The top-seeded Swiatek trailed 2-1 early in Court Philippe Chatrier before taking the next 10 games to claim the opening set and go up 5-0 in the second. She stretched her winning streak at Roland Garros to 21 matches, and her career record at the place is now 35-2.
The 23-year-old from Poland is the first woman with three trophies in a row in Paris since Justine Henin from 2005 to 2007.
Swiatek also won the French Open in 2020 and the U.S. Open in 2022 and is now 5-0 in major finals.
WATCH l Swiatek cruises past Paolini for 4th French Open title:
The 12th-seeded Paolini, a 28-year-old from Italy, was appearing in a Slam final for the first time.
She had never been past the second round at one of the four most important tennis tournaments until getting to the fourth round at the Australian Open in January.

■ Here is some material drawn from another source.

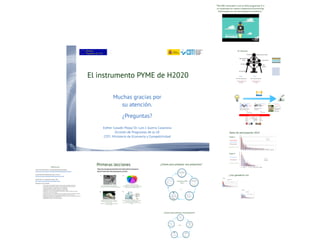 Taller de preparacion de propuestas de Instrumento PYME de H2020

Paolini will play in the French Open women's doubles final on Sunday with partner Sara Errani against 2023 U.S. Open singles champion Coco Gauff and Katerina Siniakova.
After a scare in the second round against Naomi Osaka, when Swiatek needed to save a match point, this represented a fifth straight lopsided win. Swiatek took every set in that span and only ceded a total of 17 games.
On Saturday, a loud chant of "Let's go, Jasmine! Let's go!" arose from two rows of Paolini's supporters in the lower bowl of the stands, each one wearing a T-shirt in one of the colours of the Italian flag: green, white or red. They would reprise that song, in English, interspersing it with claps.
During the coin toss, Paolini stood mostly still, while Swiatek went through her usual paces, shifting side to side and taking cuts of forehands and backhands.
After Swiatek got the match's first point, a fan yelled in French, "Jasmine, it's not over!"
And, actually, it soon looked as if they were right. That's because Swiatek went through a bit of a shaky stretch, failing to convert a break point in the second game, then getting broken to trail 2-1 after 13 minutes when she flubbed a forehand, sending it way long.
That was Swiatek's seventh unforced error of the afternoon; Paolini had made only one by then.
Might a true surprise be in the offing? Could Paolini not only make a match of this, but actually win it?